So, you're saying that killing off the whole cast would be a good thing? Maybe you're just quoting Rosencranz and Guildenstern like a Python addict, I dunno. It's been years since I saw that one.
When I was 20 I watched a soap opera between classes. (When I could.) Then I made a wonderful, terrible decision: I would take my savings and do a semester abroad. I made this choice at the precise moment the soap-opera guy and girl I'd been following for months were going to make, you know. Sweet commercial interruptions.
They'd had their first kiss not two weeks before I stepped on the plane. I thought, What rotten luck! Awful timing! It'll be all over when I get back!
But I went, had a wonderful time — everybody does — and ended up extending the trip. (Another thing everybody does.) I stayed an extra month. And in the week I was back in Los Angeles full-time, I turned on the TV to find … that the soap opera girl and guy were still chatting over coffee. Not even close to, you know. Dessert.
I say again: soap operas are timid. They take forever to get to the point; they make everyone in the apartment complex around the pool have affairs only with each other; they force the guy with the revelation to back off from it, and say that it was all just a dream.
I watch Mad Men because it has the courage of its convictions. Even when those convictions make me uncomfortable, I love the courage.
Maybe soap operas are "timid" and "take forever to get to the point" because : a) they're courting a different audience, one whose living situation allows them the time to follow these lengthy plotlines b) said audience hasn't had the chances to EXPERIENCE what great acting/writing in television "looks" like c) they don't cost over a million dollars per episode to produce and aren't enmeshed into an elitist web of high cultural expectations
Obviously, no one HERE is going to mistake Days of Our Lives for Mad Men, but people who haven't had the opportunity to "learn" discourses of what good TV should do aren't always going to be able to know that. Sure, they might be bored by the repetitiveness of the story-lines, but they may not necessarily associate that to the "trappings of cheap daytime dramas" like people here are wont to do.
And when you consider the fact that the DoOL franchise has been going on since 1965 and spawned over 11,000 episodes, you see that it obviously is speaking to a certain public.
Let's imagine that AMC decides to continue producing Mad Men for decades after Weiner is through with it.

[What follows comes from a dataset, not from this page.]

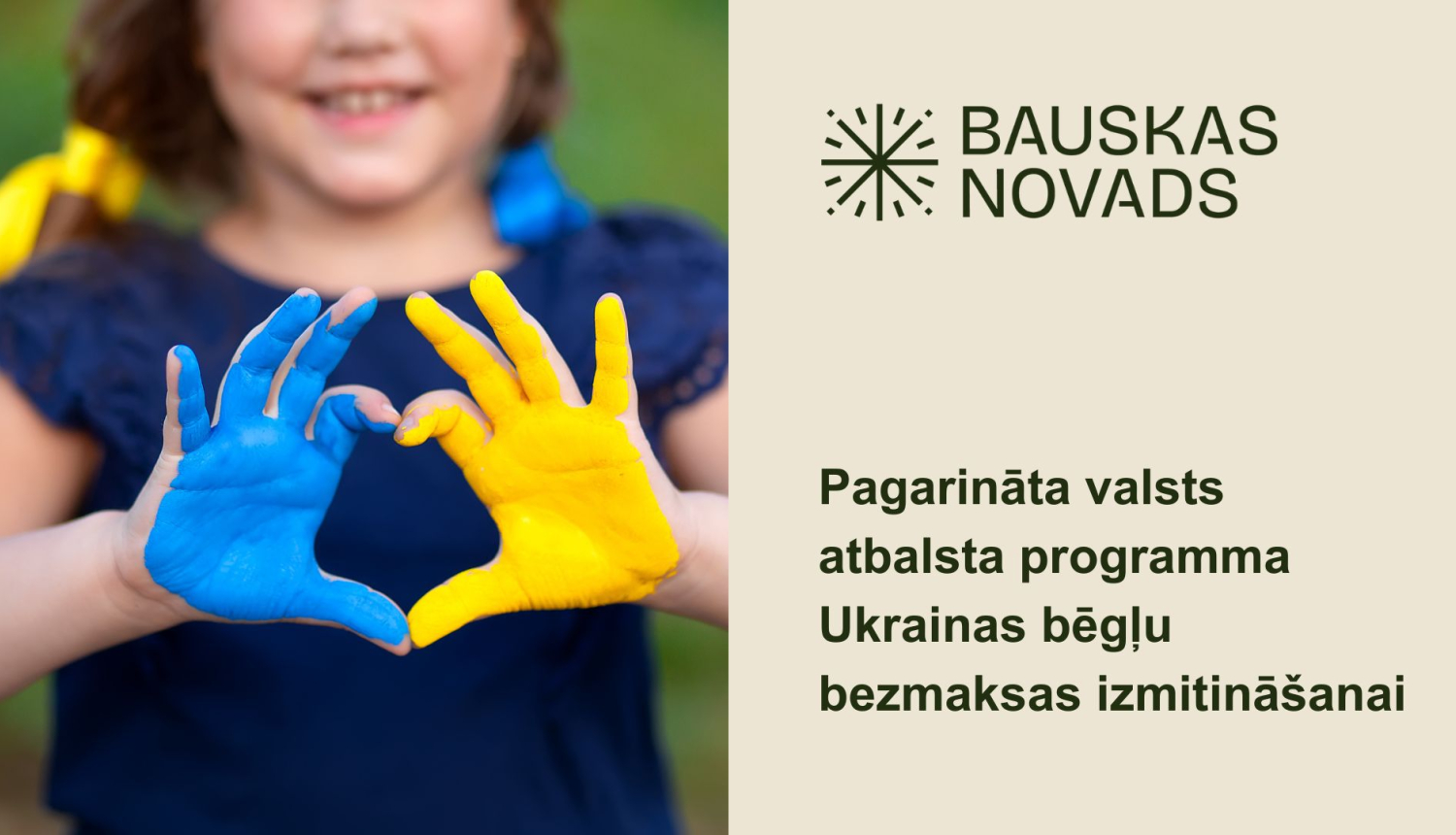 Pagarināta valsts atbalsta programma Ukrainas bēgļu bezmaksas izmitināšanai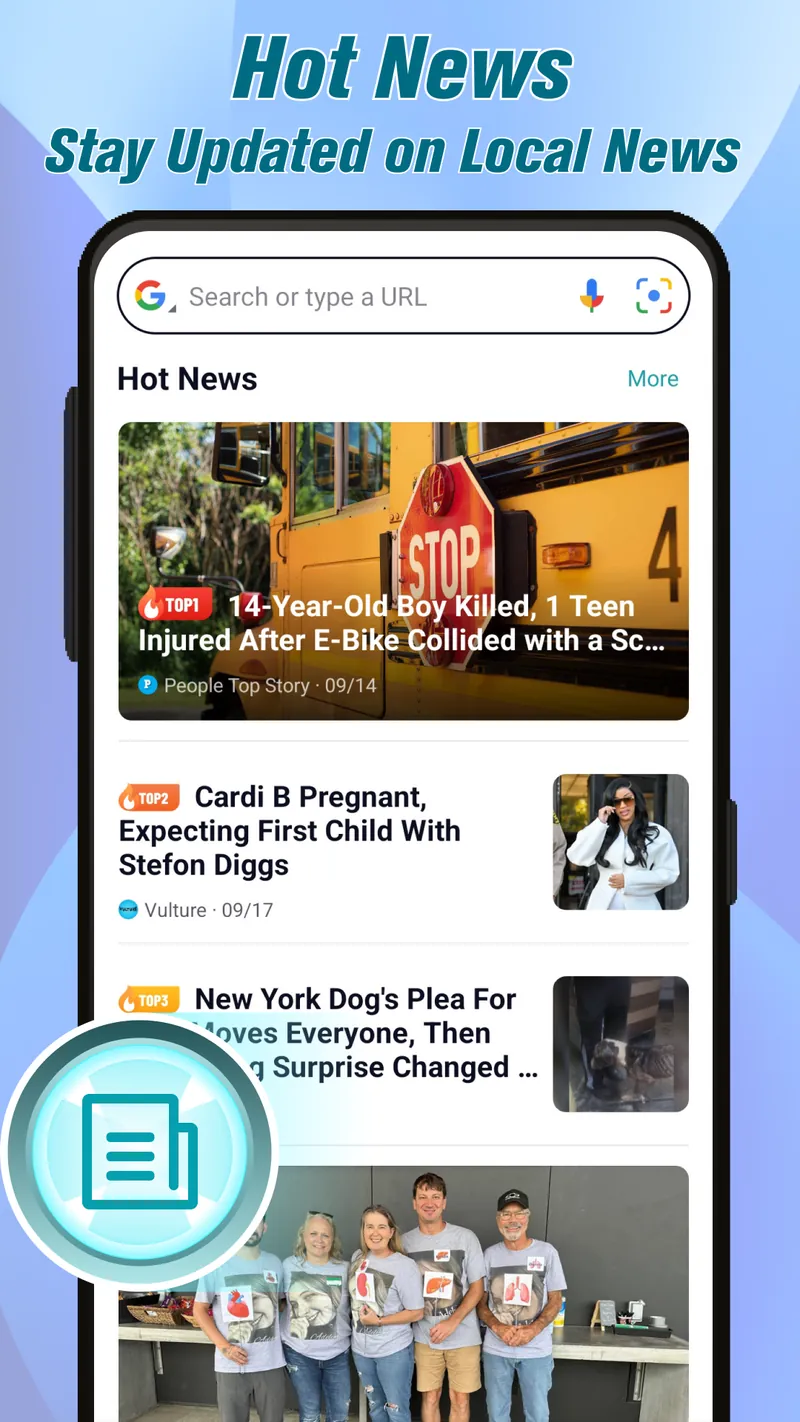 Easy Browser - Easy & Smart screenshot 5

Do you honesty think it wouldn't eventually fall into redundancy and predictability, even if the main characters continued to be replaced? Producing a TV show is always a collaborative process, it takes time, effort, and cash to make it great. You can't just pull off a great moment in the way a writer thinks of a great sentence and writes it down "permanently"; the actors have to rehearse that moment, and then it must be filmed and edited within various time and budget constraints.
Finally, let's not forget that Weiner and his crew have just 13 episodes per year to give us; the Days of Our Lives team is producing 13 episodes in less than a MONTH! How "good" can the material be?
#118 I wasn't comparing it to Days of Our Lives, but to Falcon Crest, a nighttime prime time soap. They are slightly different animals. And yes, I do believe that after 3 years of "will they or won't they" regarding the Draper marriage, MM qualifies. If they get back together again this year, I will be severly disappointed.
Don and Betty wouldn't "get back together" because as far as we know they still are together. Maybe (hopefully) Betty will move forward with a separation, but if she stays with Don I wouldn't be surprised either. There are enough obstacles in her path to keep her from actually leaving. She tried once this season, but ended up returning home. I don't see it as a "will they or won't they" soap type of storyline at all. To me, it just seems real. Especially in their circle, in that time period.
#114- Donny Brook– I just tried to make a point up above that the cultural references are stepping off points, like the "Easter eggs", in computer games where we can find extra goodies if we want them. I don't feel we have to find them all to play and enjoy the game so to speak. I don't think MW relies on them to any major degree to tell an effective, fun story.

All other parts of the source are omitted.